Ringworm is a fungal infection of the skin caused by dermatophyte Microsporum canis. It causes hair loss, scaling, dry skin, itchiness. Untreated it can spread quickly all over the body. It’s a zoonosis – disease that can be spread to people. Be careful and wash your hands often.

Respiratory infection

Cat flu is a common problem in kittens, especially not properly vaccinated. If your kitten is sneezing or coughing, has the nasal or ocular discharge, difficulties breathing, it requires immediate veterinary attention. Untreated it can be life-threatening.
Purebred kittens and young cats often struggle with a chronic respiratory infection that requires diagnostics (like bacterial culture and sensitivity, thoracic X-ray) and treatment can be long term.

Diarrhea and vomiting

In kittens can be life-threatening and lead to severe dehydration.

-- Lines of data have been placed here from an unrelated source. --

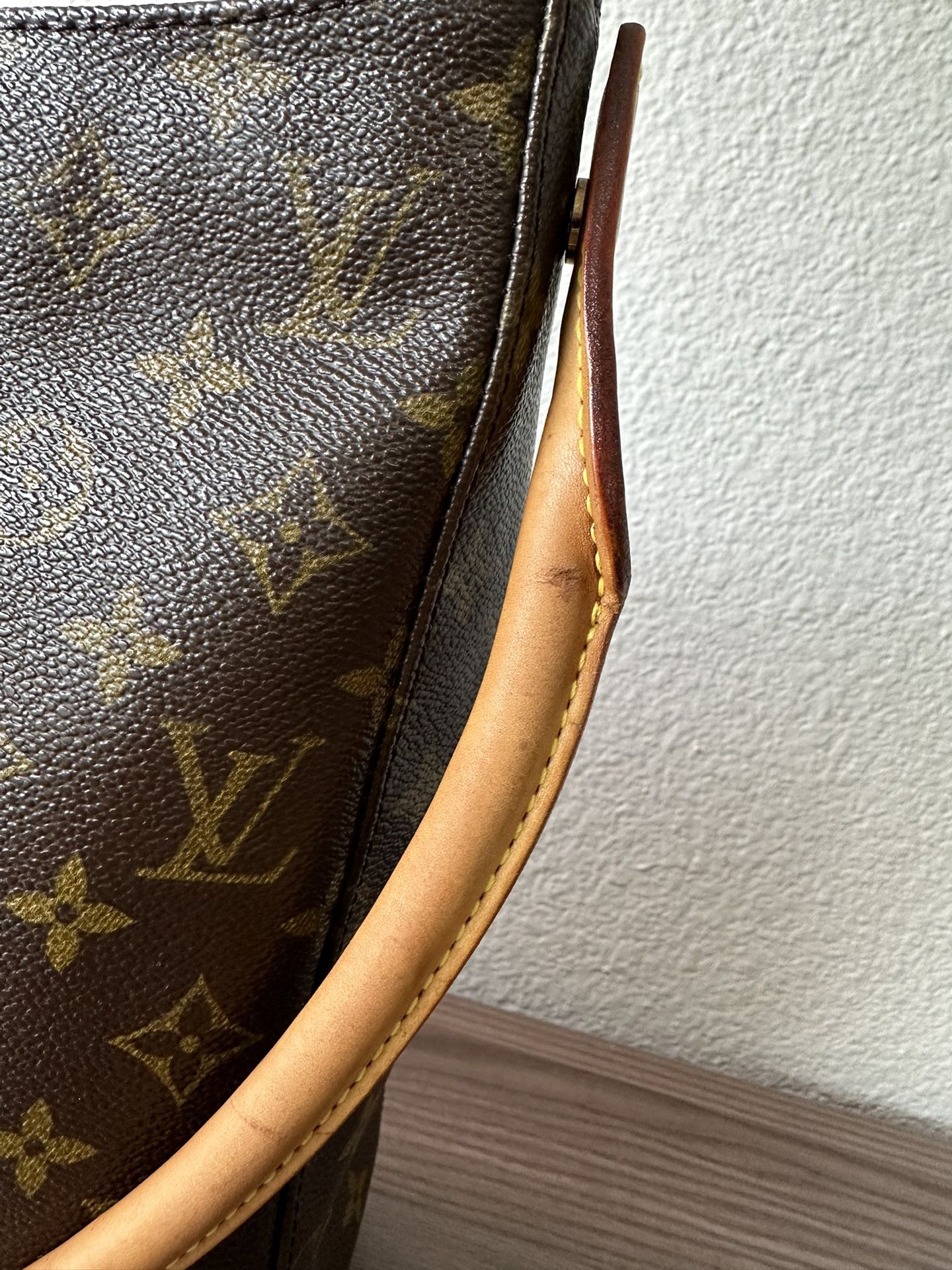 Louis Vuitton Looping GM Shoulder Bag for Sale in Carefree, AZ - OfferUp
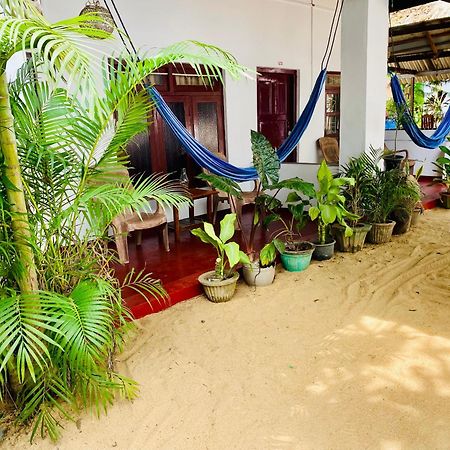 Tropicana Home Stay Arugam Bay Bagian luar foto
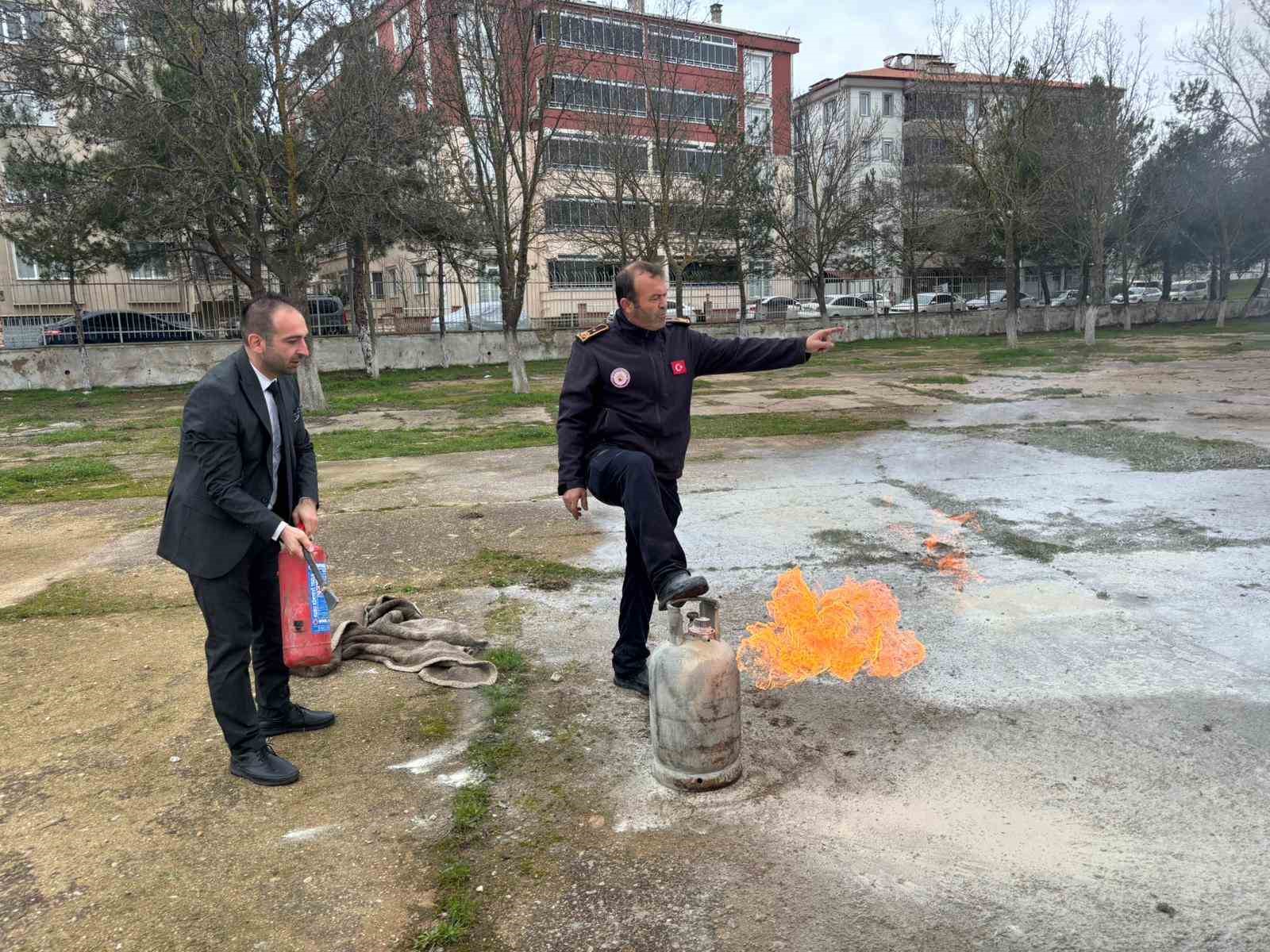 Babaeski Gençlik ve Spor Müdürlüğü personeline yangın söndürme eğitimi

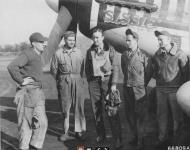 Asisbiz 44 13661 P 51D Mustang 20FG79FS MCW Sissie Capt James C Kirby England 01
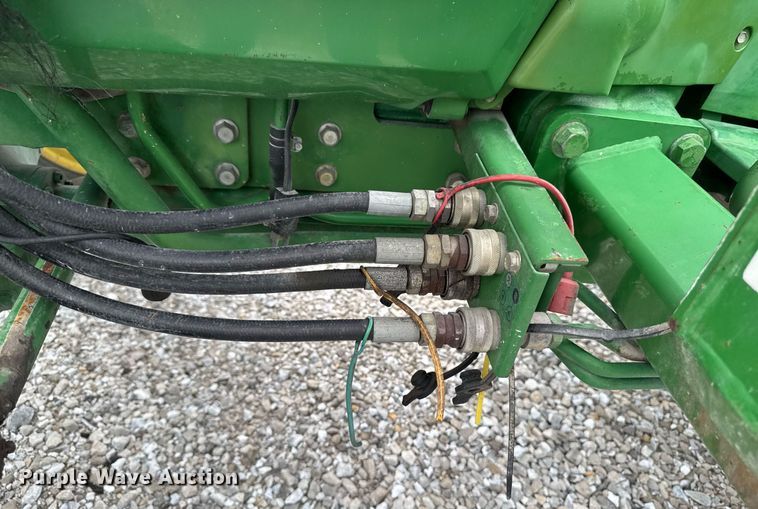 image for item EM2164 1997 John Deere 1070 MFWD tractor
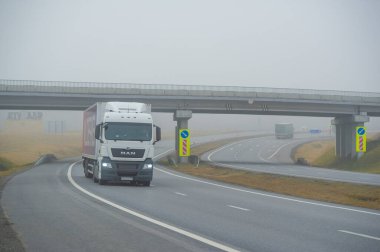 Nakliye aracı. Bu, malları karayoluyla taşımanın fiziksel süreci. Yüklü, boş, çapraz ticaret ve kabotaj. Ulaşım trafiği. Rusya Chelny 05 11 2020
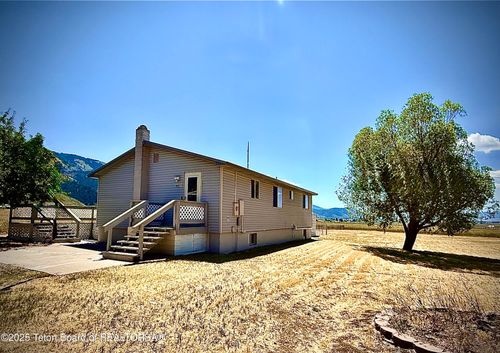 441 S Grover Rd, Grover, WY, 83122-8815 | Card Image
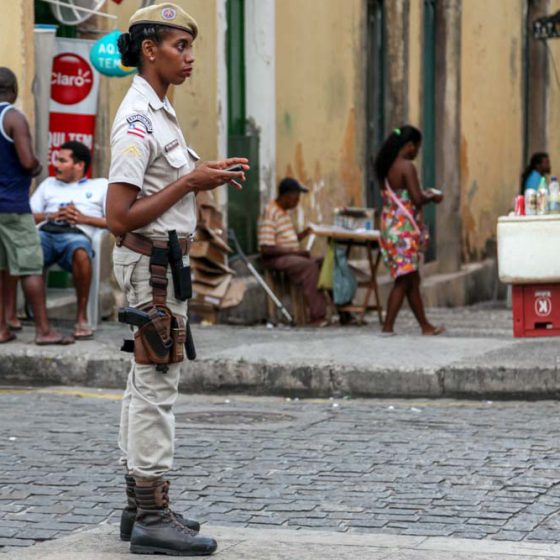 Fotograf-Reportage-Brasilien-Rio-Salvador-de-Bahia-reportage-fotografía-Polizistin-bewaffnet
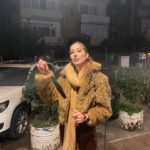 Polen Emre Instagram - Buranın ışığı güzelmiş, saçımı da topladım oh mis 🌝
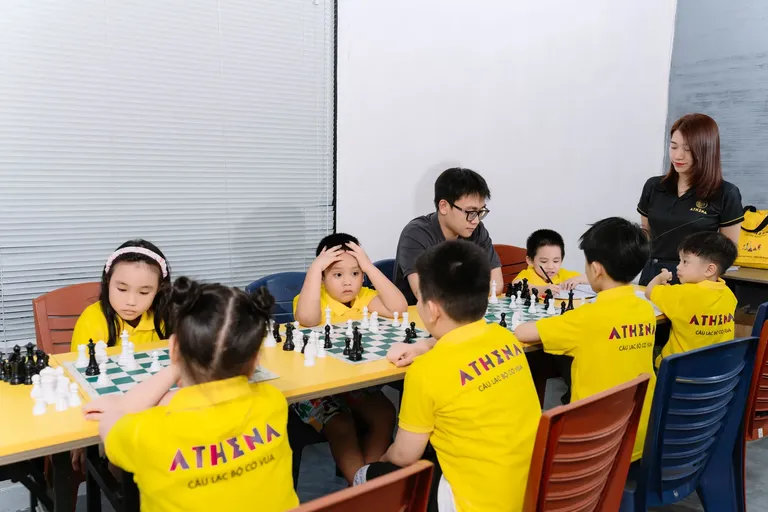 Lớp học cờ vua thiếu nhi tại CLB Athena Đà Nẵng — ảnh 59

Always seek veterinary help in case of diarrhea or vomiting.
A common cause is a viral infection like feline parvovirus so always have your kitty tested. It can be caused by parasite infestation as well.

FIP

Feline Infectious Peritonitis is caused by feline coronavirus. It only affects small percentage of cat population but it’s fairly common in purebred young cats. The most common symptoms include lethargy, anorexia, difficulties breathing, distended abdomen (filled with fluid). The disease is always fatal and only palliative treatment can be provided.